How is it that companies who build their network with expensive name brand gear often are more successful?

Answer #1: Thats debatable. Do you not recall year 2000. 26 of the largest 29 telecom companies filed for Bankruptcy. Name brand ment bankrupt. Even for Cisco! Lets not forget who the largest investor was in Cogent, now Cisco's owned network. There is some irony here. I'm happy with Cogent. I put my confidence in Cogent a soley Cisco Name Brand equipment network. Well for my backbone that is. Even though I religious have chosen a proprietary modification of Open Source on our local transport network. But Cogent's bankruptcy was highly due to not being able to afford their own Cisco equipment. So moral of this story... USe Cisco when someone else pays for it, so they go bankrupt and not you.
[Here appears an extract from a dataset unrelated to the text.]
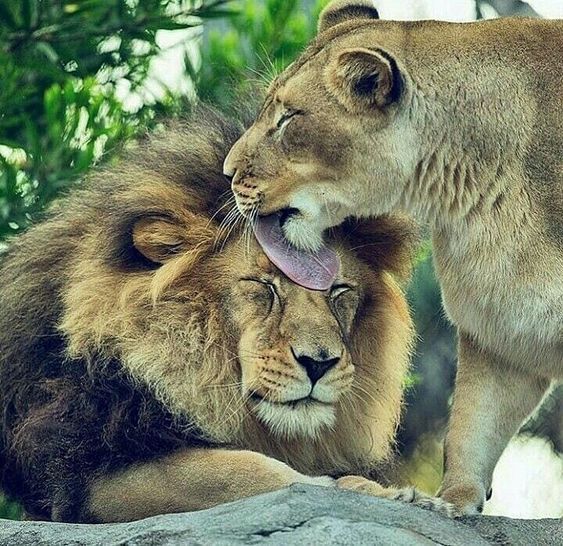 gir national park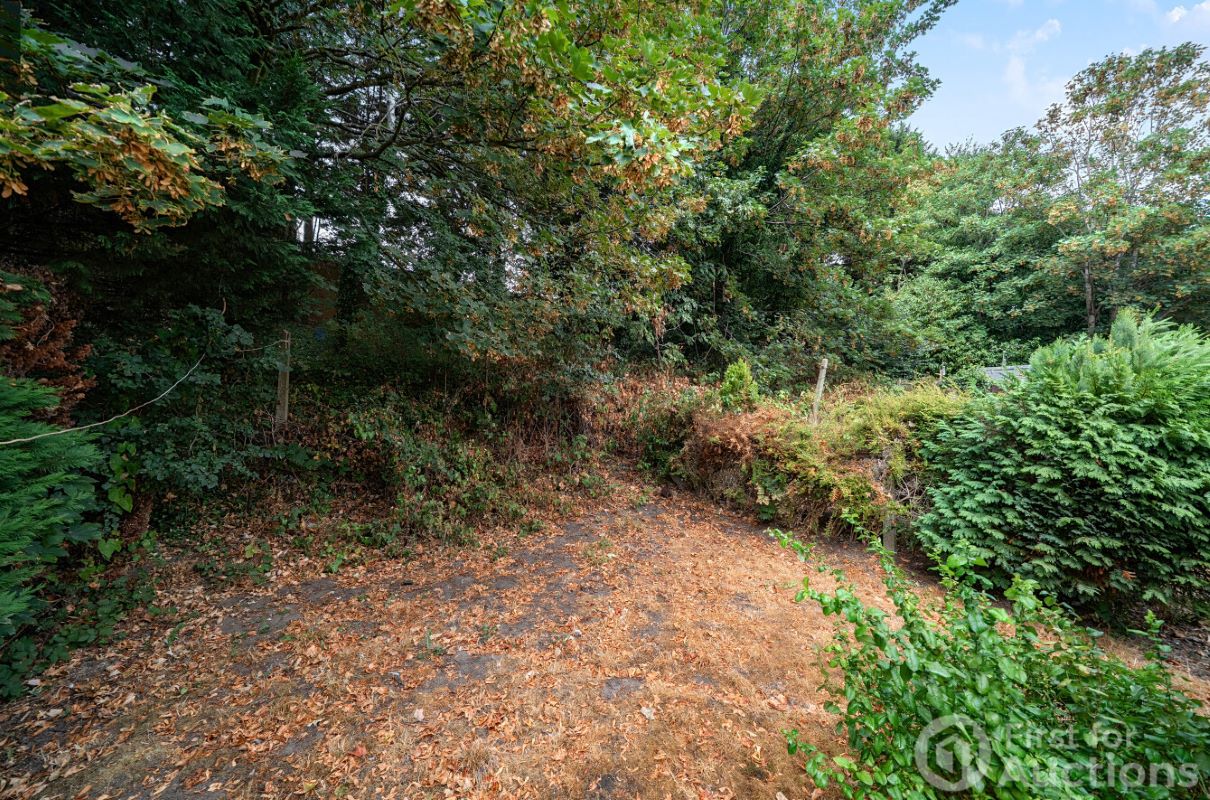 Image 11 of 16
Answer #2: Because people that can afford name brand have capitol and funding. And logically companies that have adequate capitol and funding often do better than companies that do not. The missing peice of this puzzle is.... How well would a company with equivellent funding and capitol do if they chose Open Source instead? I'd argue they'd be a stunning success. The only difference is that they would be more likely to invest more in their employees than in their equipment vendors. Possibly encourage migratation to an employee owned company, or where the wealth got spread more evenly between the participants.

I think you missed the boat on this topic. Large companies (well funded and capitolized) could do well with Open Source, because they are more likely to reach the economic proportion (growth) to spread the high cost of maintenance and software development between many subscibers. The providers that suffer from Open Source sometimes are the smaller ISPs. The reason is they under estimate the time involved in Open Source, and do not have enough scale (subscribers or revenue) to justify the costs of addative development.

Tom DeReggi
RapidDSL & Wireless, Inc
IntAirNet- Fixed Wireless Broadband


----- Original Message ----- From: "Matt Liotta" <[EMAIL PROTECTED]>
To: "WISPA General List" <wireless@wispa.org>
Sent: Tuesday, June 13, 2006 9:21 PM
Subject: Re: [WISPA] looking for a device


I disagree that many providers have used open source to their advantage. Certainly, many providers have used open source to save money over competitors, but have they beaten those competitors using their open source advantage? I'd suggest most have just squabbled whatever cost advantage they had with open source due to errors in their model elsewhere. How is it that companies who build their network with expensive name brand gear often are more successful?

-Matt

On Jun 13, 2006, at 9:02 PM, Tom DeReggi wrote:

Matt,

You brought up an excellent point regarding management gains with  MPLS.
In many cases, I'd argue MPLS the preferable choice. But MPLS is not always a viable choice, that VLAN can deliver viably. What I mean by that is... There is not yet a complete/stable/tried- and-true MPLS Open Source product on the market. (they exist but not recently updated or supported). Many providers have used Open Source to their advantage. Selecting MPLS may also mean migrating to a new foundation behind one's network. From Open Source to Name Brand. I'm not saying thats a bad thing. I'm just saying it might be more than a provider wants to do to accomplish their goals. VLAN allows an ISP to just drop it in. The trade off is a management headache. These comments are meant as a very generalized comment, there are obvious many exceptions to the view..

Tom DeReggi
RapidDSL & Wireless, Inc
IntAirNet- Fixed Wireless Broadband


----- Original Message ----- From: "Matt Liotta" <[EMAIL PROTECTED]>
To: "WISPA General List" <wireless@wispa.org>
Sent: Tuesday, June 13, 2006 7:58 AM
Subject: Re: [WISPA] looking for a device


Charles Wu wrote:

It is worth noting that you lose the benefits of routing protocols when you
bridge your network


The above is the number one reason against using VLANs for layer 2 transport. A second important issue to consider is management. Every device from end-to-end where you want to deliver layer 2 transport requires configuration if you use VLANs.

Both of the above issues are solved with MPLS. First, MPLS rides on top of your layer 3 network giving you all the benefits of routing protocols. Second, you only need to configure the edge device on either side of a layer 2 virtual circuit. All the devices in-between --including protection paths don't require additional configuration for each virtual circuit.